This is the ninth edition of this initiative, which every year brings European citizens together with the best researchers in the country to talk about the reality of a key group in contributing towards society´s development
Madrid is one of the 340 cities celebrating this initiative and will be hosting over 40 activities run by 24 participating institutions
CNIO will be welcoming 200 citizens of all ages who will take part in an experiment, discover why research is the only way to beat cancer, and chat with researchers in a 'speed dating' activity
“Discover”, “lab coat”, “bacteria”, “cells”, “pipet”, “chemistry”, “laboratory”… these are just a few of the words that spring into the minds of the youngest participants at the European Researchers’ Night, when asked to think about someone who works in science. But also “fun”, “cool”, “awesome”, “interesting”, “helps people”… These were the words recorded in the questionnaires filled in after the ‘Meet the scientists, be a scientist!’ activity held every year on this evening at the Spanish Cancer Research Centre (CNIO). At this ninth edition of the event, the Centre will once again open its doors to show how to do an experiment with products that are available to everyone: tomato, salt, pineapple juice, dishwasher, ethanol… ingredients that, on Friday 28 September, between 5pm and 11pm, 200 people will use to learn how to extract the DNA from a living being.
At this event, CNIO, working together with 23 other institutions based in Madrid, will show the reality of a key collective in the development of society.
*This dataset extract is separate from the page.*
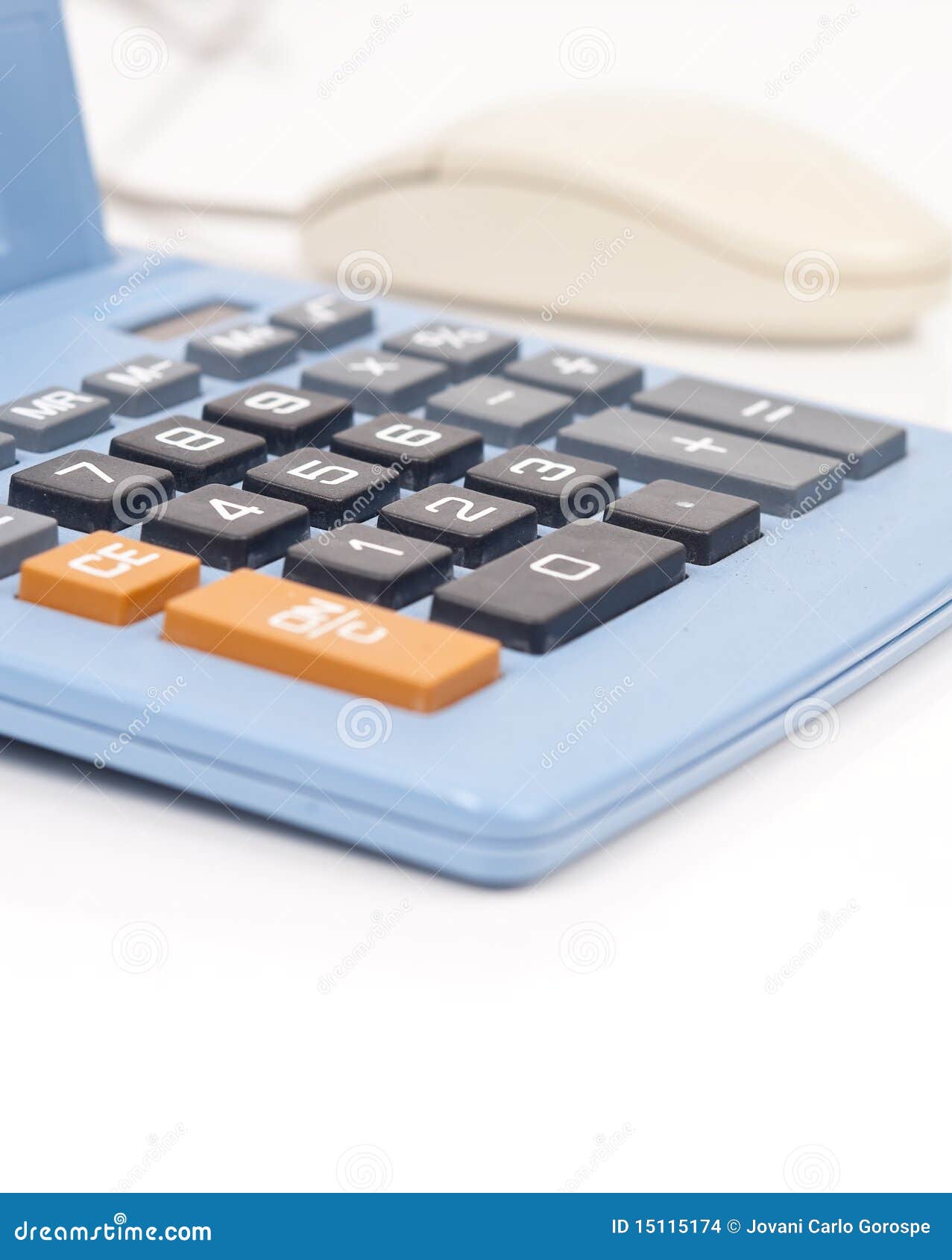Conceito em linha da operação bancária. Rato do computador ao lado da calculadora para a operação bancária ou finanças em linha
Because, as well as carrying out an experiment, visitors can also discover why research is the only path to beat cancer, and will chat with researchers in a ‘speed dating’ activity, to find out more about their scientific careers, but also to ask them personal questions.
As Jorge Martínez Torrecuadrada, from the Crystallography and Protein Engineering Unit, and coordinator of this activity at the CNIO, explains: “it’s important for people to get to know researchers and find out about their day-to-day work. Usually they are seen as being very distant and unavailable, and at these events we can show that this is not true, and that someone with a vocation, through hard work, commitment and determination, can become a good scientist”.
The interest expressed by citizens and scientists themselves in this event is clear from two record figures. Firstly, the event was fully booked in less than an hour. And secondly, by the number of researchers who have signed up to meet with the participants: 64 scientists, from pre-doctoral students to heads of units, confirming that the commitment to disseminate science and promote the scientific culture is part of CNIO’s core values.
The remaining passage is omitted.